La Chine a lancé un rappel portant sur 4,3 millions de véhicules et concernant Tesla ainsi que huit constructeurs, au motif que les passagers pourraient rester bloqués dans leur véhicule en cas de panne du système électrique. Avec environ 3 millions de véhicules, l’opération menée par Tesla constitue le plus grand rappel coordonné de Chine.

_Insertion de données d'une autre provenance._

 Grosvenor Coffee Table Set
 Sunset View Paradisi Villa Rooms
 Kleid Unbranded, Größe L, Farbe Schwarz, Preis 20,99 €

En Europe, la Direction néerlandaise des transports routiers (RDW) a annoncé le 26 août qu’aucun rappel n’était prévu en raison des poignées de porte affleurantes. Selon l’organisme, le problème tient moins à la conception elle-même qu’au bon fonctionnement ou non du mécanisme d’urgence. En Chine, les poignées de porte entièrement dissimulées ou affleurantes seront interdites sur les véhicules neufs vendus à partir du 1er janvier 2027 ; des poignées mécaniques intérieures et extérieures ainsi que des étiquettes d’évacuation d’urgence bien visibles seront obligatoires.
Pourquoi c’est important
L’importance de cette décision tient au fait que le problème est considéré non pas seulement comme un choix de conception automobile, mais comme une question de sécurité susceptible d’affecter la sortie du véhicule en cas d’urgence, comme une coupure de courant. Toutefois, les approches de la Chine et des Pays-Bas ne sont pas identiques : la Chine limite certaines conceptions de poignées de porte pour les ventes futures, tandis que la RDW fait dépendre la nécessité d’un rappel du fonctionnement du mécanisme d’urgence. Cette distinction met en avant, pour les constructeurs qui proposent les mêmes modèles sur différents marchés autant que pour les propriétaires et les passagers, la compatibilité technique et le suivi de la réglementation. La réglementation chinoise impose, sur les véhicules neufs, des possibilités d’ouverture mécaniques intérieures et extérieures ainsi que des signes d’évacuation bien visibles. En Europe, la question de savoir comment le critère d’évaluation sera appliqué aux véhicules existants reste ouverte.